Ticket #199 (assigned defect)
Tablewriter escaping break UTF-8 encoded strings
| Reported by: | cuboci@… | Owned by: | jtv |
|---|---|---|---|
| Priority: | normal | Milestone: | |
| Component: | other | Version: | |
| Severity: | normal | Keywords: | |
| Cc: |
Description
When using a tablewriter to fill some table I get double-encoded values in that table. Using the same string variables in an INSERT statement, everything works fine. The culprit seems to be (at first glance) the method
string pqxx::internal::Escape(const string &s, const string &null)
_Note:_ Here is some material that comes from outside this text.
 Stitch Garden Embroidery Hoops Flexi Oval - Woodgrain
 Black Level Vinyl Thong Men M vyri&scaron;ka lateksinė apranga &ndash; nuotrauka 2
which does something like this for every character (thus treating many UTF-8 sequences as separate characters):
else if (unprintable(c))
{
R += "\\\\";
unsigned char u=c;
for (int n=2; n>=0; --n) R += tooctdigit(u,n);
}
Since umlauts in UTF-8 fall in the unprintable() category (< ' ' || > '~') they get escaped. I don't know if PostgreSQL chokes on that, but it seems likely. Usually, a COPY statement copes with unescaped UTF-8 characters just fine.
The client encoding is set to UNICODE (via set_client_encoding()), otherwise it wouldn't work with normal INSERTs.
Perhaps I'm doing something I shouldn't but right now I'm at a loss what that could be.
I've now tested this in psql with a COPY statement. Using UTF-8 characters directly works, encoding them as \303\274 (that's a German ü, for example) doesn't. So this might even be a bug in PostgreSQL itself. I don't know what the standard behaviour is supposed to be, though.